(Available data)

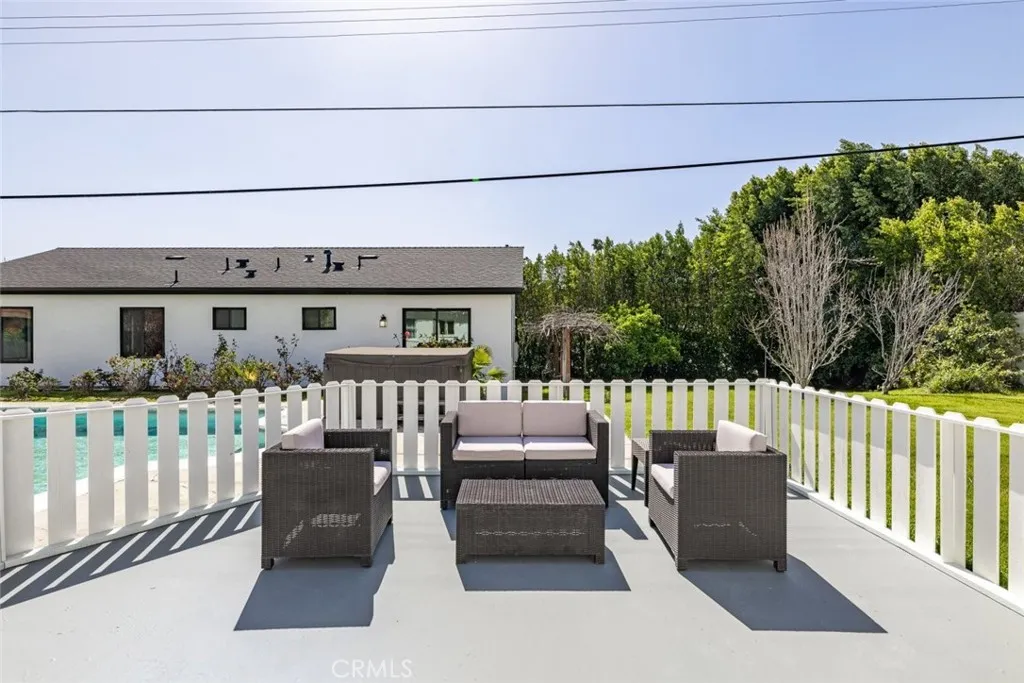 5805 Bucknell Avenue, Valley Village, California 91607 home-pic-28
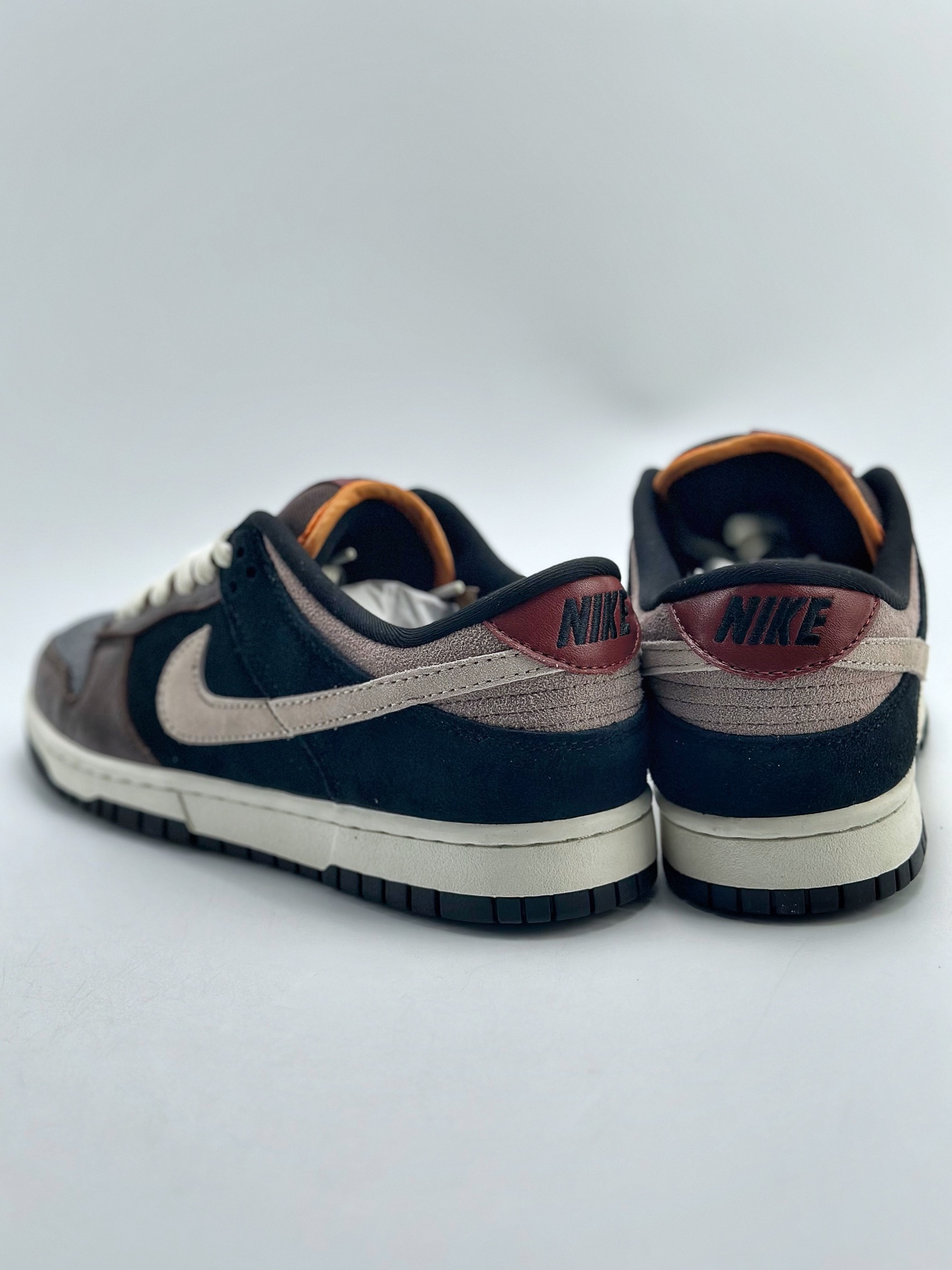 260 Nike SB Dunk Low Premium ”Strummer” 黑棕 313170-006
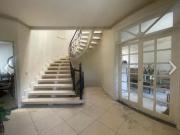 Casa en exclusiva privada dentro de lomas Country Club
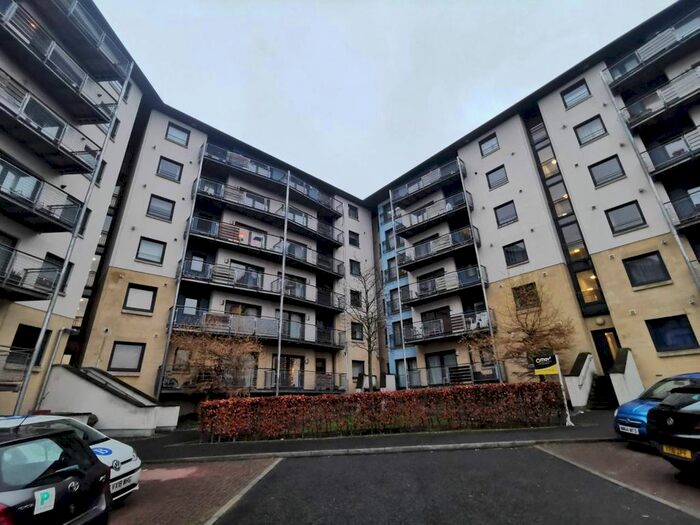 2 Bedroom Flat To Rent In Drybrough Crescent, Edinburgh, Midlothian EH16
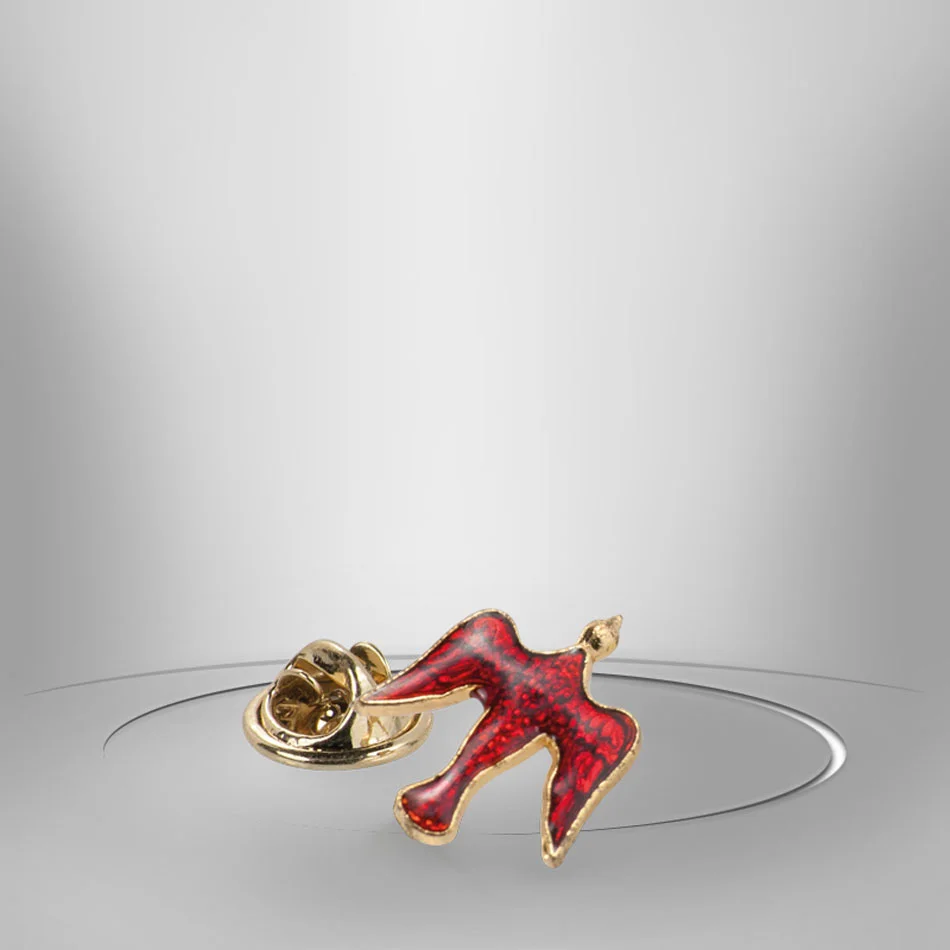 Dove for lapel. Enameled metal
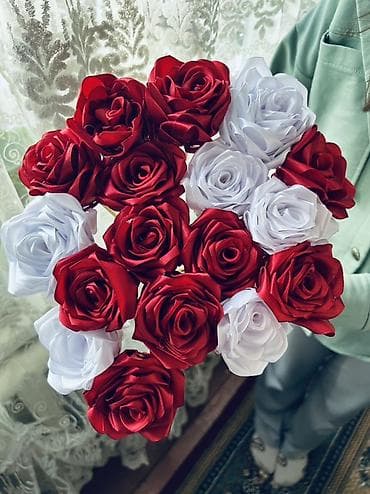 букет из игрушек: Букет из атласных роз ручной работы Ну - Состав: искусственные розы из — 4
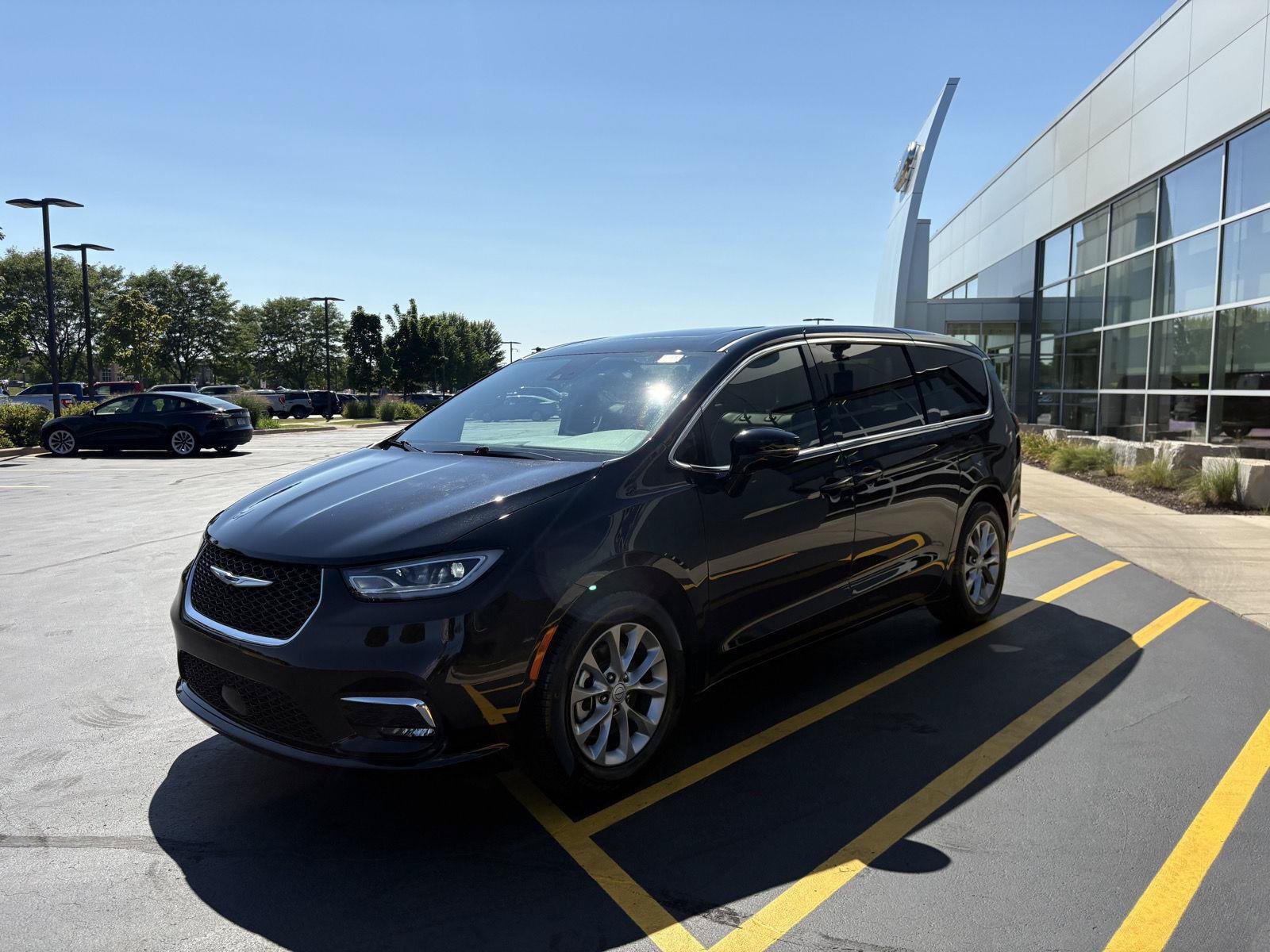 Used 2026 Chrysler Pacifica Limited FWD image 3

(End Available data)

Activity: Only the pictures are to be dropped; the rest of the material above must be duplicated exactly.

Written solution:
 5805 Bucknell Avenue, Valley Village, California 91607 home-pic-28
 260 Nike SB Dunk Low Premium ”Strummer” 黑棕 313170-006
 Casa en exclusiva privada dentro de lomas Country Club
 2 Bedroom Flat To Rent In Drybrough Crescent, Edinburgh, Midlothian EH16
 Dove for lapel. Enameled metal
 букет из игрушек: Букет из атласных роз ручной работы Ну - Состав: искусственные розы из — 4
 Used 2026 Chrysler Pacifica Limited FWD image 3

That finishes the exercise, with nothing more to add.